• [Action item]:
Restate word for word the entries below, starting with the line with "Pair of white" and continuing through the line with "蓝色西装外套口袋里的白色空白名片特写图片". Include both of those lines and no others.

Dataset items
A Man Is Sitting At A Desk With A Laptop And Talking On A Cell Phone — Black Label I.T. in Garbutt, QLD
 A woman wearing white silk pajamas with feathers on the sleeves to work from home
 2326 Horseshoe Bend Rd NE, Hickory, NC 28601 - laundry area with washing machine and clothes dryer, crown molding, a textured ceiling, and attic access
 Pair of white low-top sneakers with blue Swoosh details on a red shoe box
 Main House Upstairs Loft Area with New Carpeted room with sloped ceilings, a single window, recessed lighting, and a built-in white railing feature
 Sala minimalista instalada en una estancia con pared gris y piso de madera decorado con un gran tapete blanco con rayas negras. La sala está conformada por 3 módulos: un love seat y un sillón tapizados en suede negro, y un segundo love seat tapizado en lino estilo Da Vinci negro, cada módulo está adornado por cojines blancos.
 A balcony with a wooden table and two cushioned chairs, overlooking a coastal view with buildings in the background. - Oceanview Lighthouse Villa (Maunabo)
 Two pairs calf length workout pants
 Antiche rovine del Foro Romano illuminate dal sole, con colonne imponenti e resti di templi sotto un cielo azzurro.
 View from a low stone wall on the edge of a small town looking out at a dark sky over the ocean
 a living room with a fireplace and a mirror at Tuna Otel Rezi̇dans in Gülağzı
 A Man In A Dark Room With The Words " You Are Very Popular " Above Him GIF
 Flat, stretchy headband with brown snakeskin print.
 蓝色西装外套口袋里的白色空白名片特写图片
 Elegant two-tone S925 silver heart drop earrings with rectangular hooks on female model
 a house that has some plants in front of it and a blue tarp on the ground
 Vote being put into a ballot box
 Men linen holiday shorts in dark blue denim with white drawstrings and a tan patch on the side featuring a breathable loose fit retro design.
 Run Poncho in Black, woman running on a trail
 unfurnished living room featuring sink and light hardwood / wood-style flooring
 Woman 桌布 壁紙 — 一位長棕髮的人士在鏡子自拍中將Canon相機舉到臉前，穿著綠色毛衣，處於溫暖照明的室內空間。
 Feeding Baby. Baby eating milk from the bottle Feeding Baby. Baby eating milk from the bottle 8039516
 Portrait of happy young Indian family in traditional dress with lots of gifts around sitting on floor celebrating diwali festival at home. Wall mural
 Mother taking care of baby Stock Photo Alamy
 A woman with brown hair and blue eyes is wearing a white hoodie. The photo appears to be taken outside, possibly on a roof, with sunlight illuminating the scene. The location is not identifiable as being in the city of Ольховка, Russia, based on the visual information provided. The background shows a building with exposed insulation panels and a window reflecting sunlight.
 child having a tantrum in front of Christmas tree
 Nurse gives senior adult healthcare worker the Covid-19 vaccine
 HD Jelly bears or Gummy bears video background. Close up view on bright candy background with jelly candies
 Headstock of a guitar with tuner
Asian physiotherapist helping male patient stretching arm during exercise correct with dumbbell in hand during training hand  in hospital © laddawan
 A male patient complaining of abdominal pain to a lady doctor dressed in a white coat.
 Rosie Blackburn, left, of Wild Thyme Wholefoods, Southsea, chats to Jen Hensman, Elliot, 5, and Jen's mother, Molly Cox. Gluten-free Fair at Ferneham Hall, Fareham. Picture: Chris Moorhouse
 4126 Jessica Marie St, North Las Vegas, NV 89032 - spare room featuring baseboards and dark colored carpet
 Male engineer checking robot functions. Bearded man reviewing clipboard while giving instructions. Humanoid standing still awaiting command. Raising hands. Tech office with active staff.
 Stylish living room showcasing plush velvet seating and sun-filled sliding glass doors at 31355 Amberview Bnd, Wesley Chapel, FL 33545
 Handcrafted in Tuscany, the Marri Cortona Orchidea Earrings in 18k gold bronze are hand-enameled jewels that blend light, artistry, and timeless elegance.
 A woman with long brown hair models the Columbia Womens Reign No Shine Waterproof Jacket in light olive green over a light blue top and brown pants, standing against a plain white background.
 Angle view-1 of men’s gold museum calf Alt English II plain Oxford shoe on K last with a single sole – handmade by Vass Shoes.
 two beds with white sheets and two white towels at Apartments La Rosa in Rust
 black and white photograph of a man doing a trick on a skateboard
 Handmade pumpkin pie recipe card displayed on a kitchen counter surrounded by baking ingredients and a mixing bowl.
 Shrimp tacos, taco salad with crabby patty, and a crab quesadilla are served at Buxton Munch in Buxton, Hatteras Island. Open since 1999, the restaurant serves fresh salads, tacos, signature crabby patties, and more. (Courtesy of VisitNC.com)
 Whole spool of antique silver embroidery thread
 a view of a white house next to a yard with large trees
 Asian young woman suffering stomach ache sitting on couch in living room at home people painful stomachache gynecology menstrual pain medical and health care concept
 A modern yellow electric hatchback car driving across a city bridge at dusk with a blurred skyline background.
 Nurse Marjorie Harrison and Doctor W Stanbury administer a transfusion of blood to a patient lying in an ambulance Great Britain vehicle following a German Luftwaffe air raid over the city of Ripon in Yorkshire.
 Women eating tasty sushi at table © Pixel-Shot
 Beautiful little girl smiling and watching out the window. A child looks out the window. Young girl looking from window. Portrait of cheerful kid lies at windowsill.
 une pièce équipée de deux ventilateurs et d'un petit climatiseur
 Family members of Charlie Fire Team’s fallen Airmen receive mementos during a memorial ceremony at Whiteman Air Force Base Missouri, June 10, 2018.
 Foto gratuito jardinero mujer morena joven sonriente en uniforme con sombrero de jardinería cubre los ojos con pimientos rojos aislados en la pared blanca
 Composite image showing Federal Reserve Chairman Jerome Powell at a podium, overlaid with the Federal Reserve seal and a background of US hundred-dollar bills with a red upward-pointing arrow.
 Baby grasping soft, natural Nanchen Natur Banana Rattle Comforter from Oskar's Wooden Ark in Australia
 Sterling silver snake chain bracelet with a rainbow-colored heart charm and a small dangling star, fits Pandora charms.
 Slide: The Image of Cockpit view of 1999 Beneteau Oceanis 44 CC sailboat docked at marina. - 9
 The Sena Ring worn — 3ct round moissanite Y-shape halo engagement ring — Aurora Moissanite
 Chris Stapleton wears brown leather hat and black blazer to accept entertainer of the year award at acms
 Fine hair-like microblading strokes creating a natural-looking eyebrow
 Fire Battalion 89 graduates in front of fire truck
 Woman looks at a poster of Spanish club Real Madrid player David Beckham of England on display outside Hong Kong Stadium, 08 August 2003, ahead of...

• [Reply]:
 Pair of white low-top sneakers with blue Swoosh details on a red shoe box
 Main House Upstairs Loft Area with New Carpeted room with sloped ceilings, a single window, recessed lighting, and a built-in white railing feature
 Sala minimalista instalada en una estancia con pared gris y piso de madera decorado con un gran tapete blanco con rayas negras. La sala está conformada por 3 módulos: un love seat y un sillón tapizados en suede negro, y un segundo love seat tapizado en lino estilo Da Vinci negro, cada módulo está adornado por cojines blancos.
 A balcony with a wooden table and two cushioned chairs, overlooking a coastal view with buildings in the background. - Oceanview Lighthouse Villa (Maunabo)
 Two pairs calf length workout pants
 Antiche rovine del Foro Romano illuminate dal sole, con colonne imponenti e resti di templi sotto un cielo azzurro.
 View from a low stone wall on the edge of a small town looking out at a dark sky over the ocean
 a living room with a fireplace and a mirror at Tuna Otel Rezi̇dans in Gülağzı
 A Man In A Dark Room With The Words " You Are Very Popular " Above Him GIF
 Flat, stretchy headband with brown snakeskin print.
 蓝色西装外套口袋里的白色空白名片特写图片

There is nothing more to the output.